Ángel Guerra Cabrera
La liberación de Ingrid Betancourt podría ejercer un efecto muy benéfico en el relanzamiento del camino cuesta arriba para lograr una solución política al conflicto armado en Colombia que comience por reconocer sus hondas raíces sociales. No es razonable el apresuramiento para dictar sentencias definitivas contra ella haciendo abstracción de su amarga y traumática experiencia de los últimos seis años y del show mediático a que fue arrojada horas después de concluir su cautiverio; démosle al menos el beneficio de la duda. Es cierto, vistos desde una postura antimperialista, hay aserciones inaceptables en sus declaraciones en Francia, pero también puntos fundamentales en que podemos coincidir todos los que deseamos el fin de los sufrimientos del pueblo colombiano y su inserción en el proceso de ascendente protagonismo de las mayorías, rescate de la independencia y forja de la unidad e integración de América Latina. Es el caso cuando afirma: “hay que cambiar ese vocabulario radical, extremista, de odio, al abordar el problema de las FARC… para Uribe el final de las FARC es el restablecimiento de la paz en Colombia. Para mí, la paz pasa por unas transformaciones sociales”.
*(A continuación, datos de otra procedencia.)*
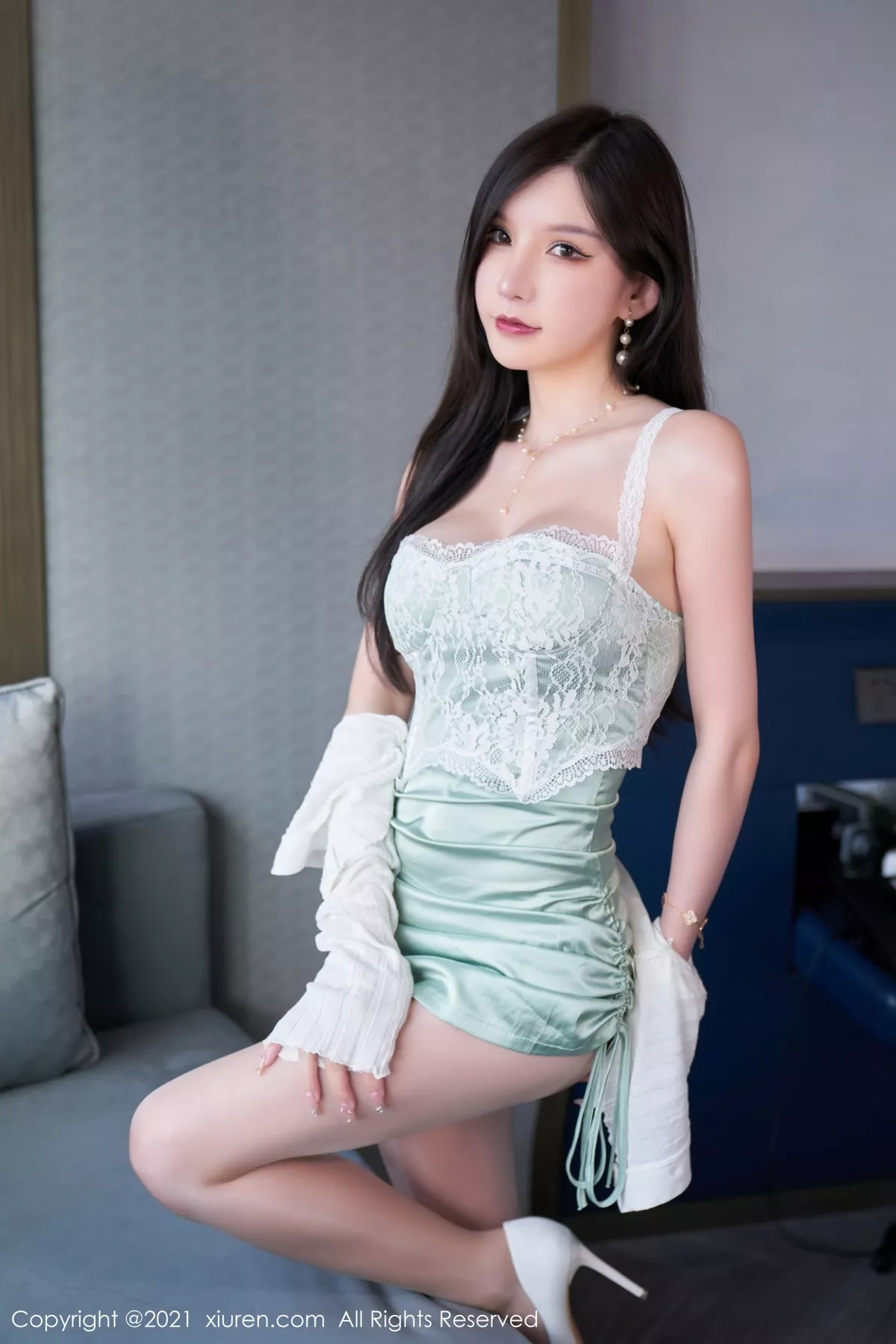 [XiuRen秀人网]第4054期周于希写真 photo 2-17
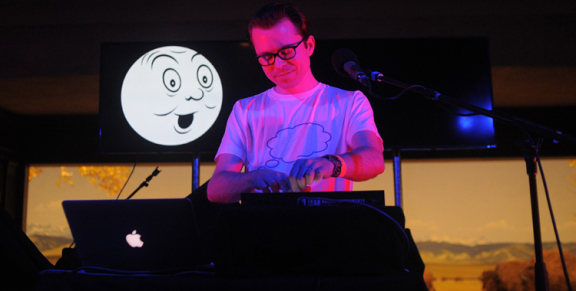 Photos: Tom Vek @ Natural History Museum First Fridays, February 6, 2014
Esta sola reflexión choca con la banal visión del conflicto colombiano transmitida por la descomunal campaña del cártel mediático después de la Operación Jaque, que reduce sus causas a la existencia de las FARC: muerto el perro se acabó la rabia. La campaña es el componente de guerra sicológica de la operación y pudiera bautizarse Sucumbíos fase II. Entre sus objetivos está descontextualizar la dimensión histórica y social de la tragedia de Colombia, ocultar los orígenes de la guerrilla en la resistencia armada a que se vieron empujados los campesinos despojados de sus tierras, perseguidos con saña y asesinados en masa por una oligarquía que privilegia la violencia frente a todo intento opositor. Aquí encaja el Plan Colombia, con el que Washington integró todos los factores de acumulación y concentración capitalista en el más grande laboratorio del neoliberalismo de guerra de que se tenga noticia. Resultado: expulsión de sus tierras de cerca de 4 millones de campesinos y masacres de comunidades a favor de la agricultura trasnacional agroexportadora, que entrega a los desplazados como mano de obra barata a los empresarios; auge del narcotráfico y del paramilitarismo; más presos políticos; flexibilización laboral con la muerte de miles de sindicalistas. Uribe ha sido el más eficaz ejecutor de esta política, y Montoya, héroe de la Operación Jaque, uno de sus carniceros más connotados.
Nada de esto aparece en la versión mediática. Según ella, Uribe es el gran paladín que liberó a Ingrid. No se recuerda a la audiencia las audaces e incansables gestiones de Hugo Chávez a favor de la liberación de los rehenes y, por consiguiente, del inicio de una solución política en Colombia, que Washington y Bogotá respondieron con el ataque a Ecuador primero y luego con la temeraria operación de rescate asesorada por Israel, que pudo haber costado la vida, otra vez, a los rehenes. Y es que la solución militar de Uribe-Bush sólo beneficia al imperialismo y a la oligarquía, pues aparte de asegurar el control de Colombia su nuevo objetivo estratégico es la liquidación de los gobiernos de Venezuela, Bolivia, Ecuador y los movimientos populares de América del sur.
No hay nada más decisivo hoy para la liberación de América Latina que frustrar ese empeño imperial. Ello exige utilizar –como ha sugerido Fidel Castro– “nuevas vías en las complejas y especiales circunstancias actuales después del hundimiento de la URSS”. Implica un gran reto a la imaginación de novedosas e inéditas formas de lucha y políticas de alianza heterodoxas, muy incluyentes y flexibles a escala local, regional e internacional.
El meollo de la cuestión radica en propiciar al pueblo colombiano la decisión de su destino. De eso hablaremos pronto.